While we were at it we also showed how a simple overdrive plug–in can be used to add a tube–like warmth to sounds such as bass, drums or even vocals, as long as you keep the amount of drive fairly low so as not to give the game away. Next came some of our vocal processing tricks. Beren had used various plug–ins to brighten the vocal sound, but as an alternative we simply used some shelving EQ lift at around 7kHz combined with 80Hz low cut and the aforementioned limiter. We then went on to demo some of our double-tracking tricks, specifically using reverb early reflections (with no reverb tail) delayed by 50 to 90 ms to create a diffused slap–back sound.
Beren also explained that he’d been having some problems when using a compressor for level ducking, as the amount of gain reduction varies depending on the level of the side–chain input. I showed him an alternative method using Logic’s gate instead of a compressor, where setting the gain reduction slider to actually increase the gain by a few dBs when the gate is ‘closed’ allows a precise amount of gain reduction to be set. Essentially the signal is always boosted by the amount you set on the slider, except when a side–chain signal is detected, at which point the gate opens and the gain falls back to unity. The attack and release controls vary how quickly the ducking comes in and out.
Beren had also bought the Waves Real ADT plug–in, which is actually really good, but again we showed him one of our favourite alternatives that requires a copy of the original track to be delayed and then subjected to pitch correction using something like Autotune or one of its many imitators — in this case Logic’s own Pitch Correct plug–in. When played back alongside the original part, the pitch-correction plug–in provides the necessary pitch variation, while the delay produces the required doubling effect. I know a lot of engineers use a pitch shifter plug–in set to detune by a few cents to do a similar thing, but the advantage of a pitch-correction plug–in is that it’s always adjusting the amount of pitch shift it applies, so the result has a much more random and lifelike quality to it. The slower the pitch-correction speed is set, the more subtle the result.

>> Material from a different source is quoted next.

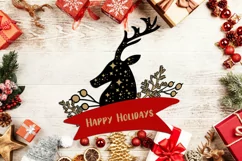 Christmas Clipart I Christmas Overlays I Holiday Graphics Product Image 5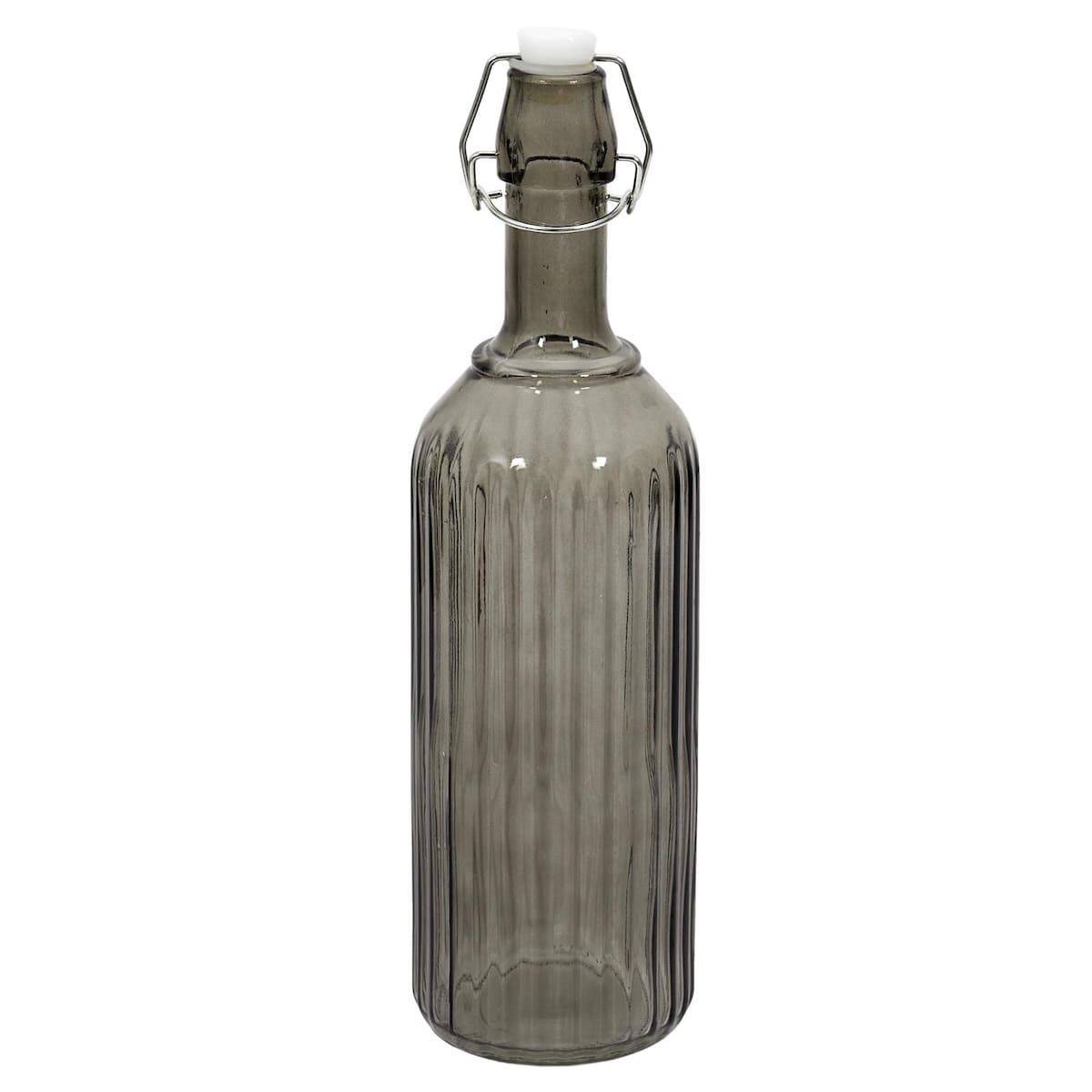 ALTOBUY - Bouteille à clapet 1L en verre teinté gris - - Image 1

As Beren was using an iMac with no additional monitor screen, we also went over the benefits of using screen sets, which he was quick to appreciate. If these are created and saved in a Template song, they’ll always be available for future projects.
The plan was to leave at a sensible time to avoid the motorway traffic chaos on a Friday afternoon, which we spectacularly failed to do, but Beren did let me have the wood off-cuts from our endeavours to use in my stove at home, which was much appreciated!

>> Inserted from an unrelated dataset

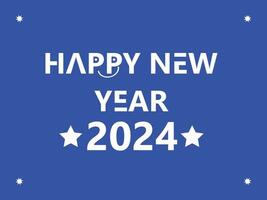 Happy new year 2024 design vector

Beren Matthews: “In a world of faceless Internet forum misinformation, Hugh and Paul’s wealth of real–world knowledge, plus their hands-on approach, was exactly what was needed. A priority for me was ensuring that the mixes for my band’s (Grip–Like Vice) new EP weren’t compromised by inaccurate monitoring.
“The improvements in monitor position, coupled with the tightening of the room response, mean I can be confident that what I’m hearing is significantly closer to the truth. Additionally, Paul’s extracurricular plug–in-related titbits provided some interesting ways of using the often–overlooked stock Logic processors. The Gate and Limiter have already proved scarily useful for slightly unorthodox tasks.
“In short, Hugh and Paul’s knowledge and expertise is something that can’t be substituted by scouring the depths of cyberspace. Their help has been invaluable, and for me to be able to have confidence in my workspace is priceless.”